● **Dataset section**

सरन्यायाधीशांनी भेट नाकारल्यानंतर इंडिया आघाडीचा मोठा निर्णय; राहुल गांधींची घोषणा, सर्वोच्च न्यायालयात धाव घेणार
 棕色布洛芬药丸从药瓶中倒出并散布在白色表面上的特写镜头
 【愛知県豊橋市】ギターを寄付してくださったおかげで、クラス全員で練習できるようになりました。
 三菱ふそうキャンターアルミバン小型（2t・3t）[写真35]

● **Task instructions**
Repeat every line of the data precisely.

● **Solution to this task**
सरन्यायाधीशांनी भेट नाकारल्यानंतर इंडिया आघाडीचा मोठा निर्णय; राहुल गांधींची घोषणा, सर्वोच्च न्यायालयात धाव घेणार
 棕色布洛芬药丸从药瓶中倒出并散布在白色表面上的特写镜头
 【愛知県豊橋市】ギターを寄付してくださったおかげで、クラス全員で練習できるようになりました。
 三菱ふそうキャンターアルミバン小型（2t・3t）[写真35]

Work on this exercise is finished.